The Sunday New York Times never fails to deliver fascinating writing. Rather than an in depth article on the latest outbreak of war or an insider’s guide to to the latest trend, the most interesting piece of the April 5, 2009 edition was the two paragraph conclusion tucked at the tail of A.O. Scott’s “In Praise of the American Short Story.”
Scott reviews three biographies of well-known writers of the early 20th century known more for their short prose than their novels. Despite not seeming his original intention of the piece, Scott used the opportunity to tuck his own hopes that new media might be a boon to literature instead of the detriment is so seemingly is:
The new, post-print literary media are certainly amenable to brevity. The blog post and the tweet may be ephemeral rather than lapidary, but the culture in which they thrive is fed by a craving for more narrative and a demand for pith. And just as the iPod has killed the album, so the Kindle might, in time, spur a revival of the short story. If you can buy a single song for a dollar, why wouldn’t you spend that much on a handy, compact package of character, incident and linguistic invention? Why wouldn’t you collect dozens, or hundreds, into a personal anthology, a playlist of humor, pathos, mystery and surprise?The death of the novel is yesterday’s news.

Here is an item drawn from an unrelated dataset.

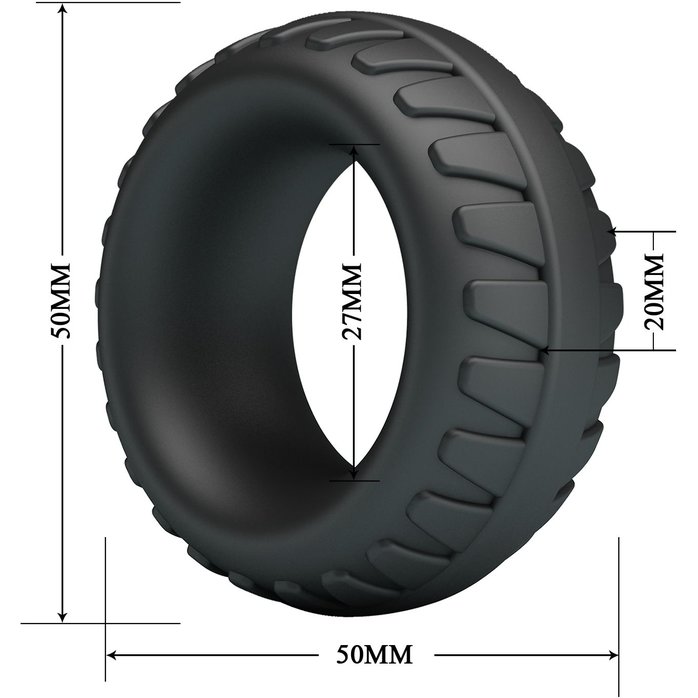 Черное эрекционное кольцо Dilson - Crazy Bull. Фотография 6.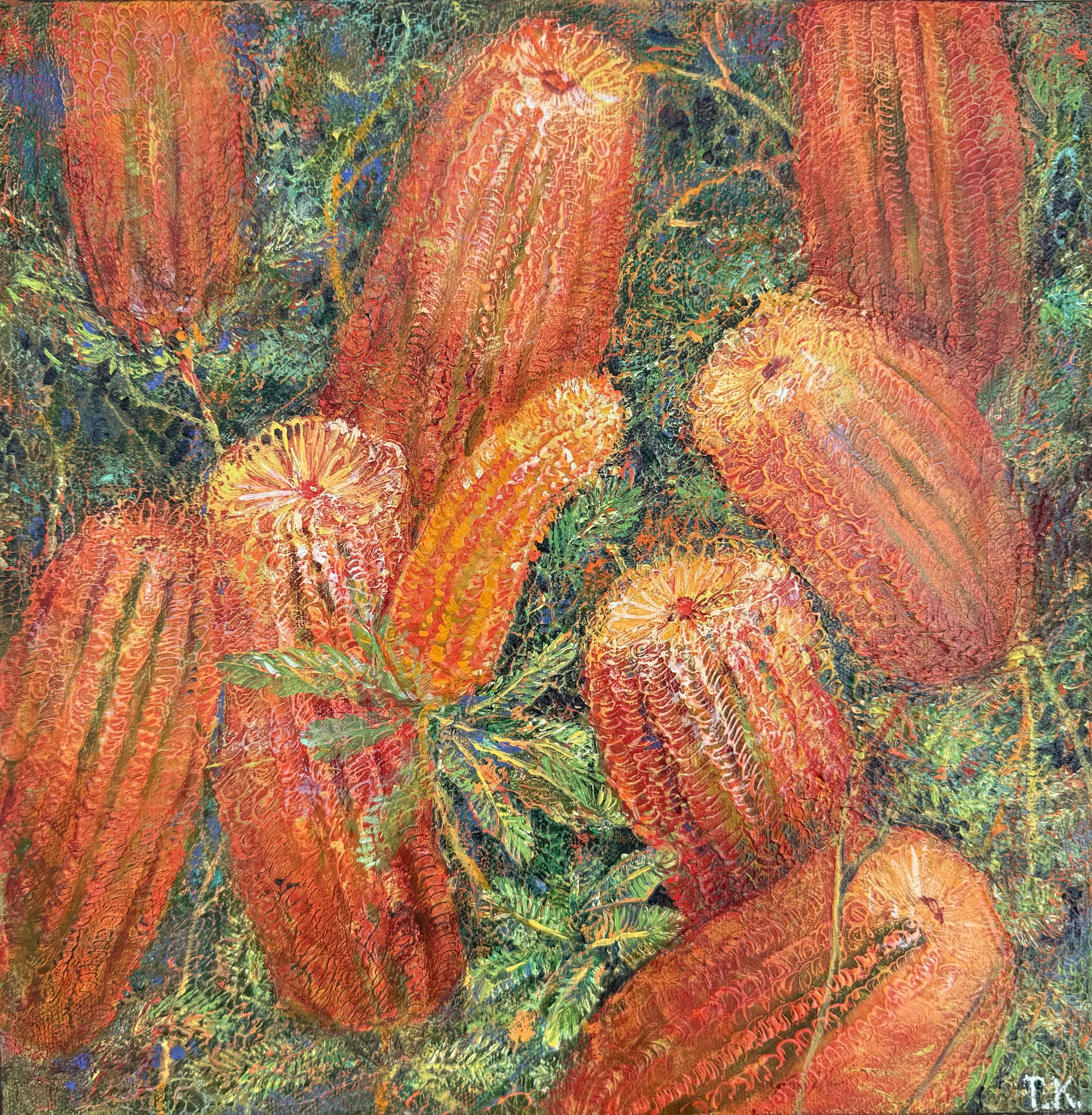 Banksia Ericifolia by Tetiana Kolunenko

The death of print may be tomorrow’s headline. But the great American short story is still being written, and awaits its readers.
I’ve always felt that short stories are generally better written, more interesting and far more poignant than their longer brethren. This is why Ernest Hemingway will remain a great writer in my mind despite being one of the more terrible novelists I’ve read.
As for Twitter and blogs relating to the short form, I can’t say I disagree, but part of me loathes to admit such a connection.
Despite my conscription into the community, Twitter remains an insipid and directionless tool that is simultaneously offering a new modality to conversation and new means of marketing to the masses. By the time it’s gained a true foothold, it will, like all fads, be played out among the hipster technophiles, be embraced by the corporations, and rest on the outskirts of the mainstream, slowly weaving its way into culture, unable to change and adapt while new technologies are making its model better without breaking the crust of across the board adoption.
Blogs, meanwhile, are a two-toned attack on journalism. At once, they are being accepted because they allow insight and personal opinion to flow together easily without the false semblance of objectivity the mainstream media still attempts to pervade and they offer information major publications often deem too trivial or unnecessary to cover.
The true beauty of the blog isn’t in its relation to short fiction, but its relation to reporting and media. The idea that the public can become the editor via Google by popularizing important topics and articles instead of being spoon-fed by the media elite is both attractive and scary. As an unapologetic elitist, I fear granting the public control of the media, but given the failure at journalistic integrity we’ve seen in the time since I was born, it might be best to tear down the institution for which I’ve desired to find livelihood and build anew.
The other night, Devin’s wife Laura pithily remarked with eyes rolling, “Everything is photoshopped.”
It’s both a damning statment and a sad truth that the veracity of information is always at question. Growing up, I could tell that critical thinking simply wasn’t taught in school anymore. Today, critical thinking is a skill that can’t compete with pure cynicism, since dismissal is more often than not warranted. How are we supposed to judge the veracity of reporting when reporters are more aptly repeaters and the liars have tools spinmen only dreamed of?
Unfortunately, what started as a commentary on the short form has turned into a rant on the slow death of journalism. And almost as unfortunately, the self-serving turn away from mainstream journalism is nearly called for by Scott in his mention of self-built anthologies. The death knell of the media was in part the rise of Fox News and the ability to find the news people wanted instead of the news people needed. In the same way, as fulfilling as a perfectly tailored anthology might seem (and yes, I originally cooed at the thought), there are losses in such an endeavor.
We are living in the age of the auteur, where directors, authors, writers, and performers are the tie that bring us to often unrelated projects. I read everything by Neil Gaiman and have watched everything by Joss Whedon, even that which doesn’t live up to expectations (which is a surprising majority of his work in the latter case).
The first loss is capitalistic. Great authors often support lesser authors when their stories share page space. Great authors also often start as lesser authors, and if it weren’t for anthologies, they might never become great authors. Allowing people to pick and choose which stories are included means choosing who receives revenue. I would much rather have an industry supported rather than an individual.
Secondly, and more damningly, anthologies are one of the only means of introducing something different into my literary diet. They provide a chance to experience not only great short form literature, but different types. If one were to build one’s own collection, it would lose that opportunity to discover something new and different.
All that isn’t to say there isn’t a time and place for reading the same author or listening to the same album, but anthologies are not it. I dream of a day where a writers’ union might create a means to revenue sharing for all struggling artists, but until that day, allowing the dispersion of blogs to flavor literature and its publication is a very scary and tremendously sad change.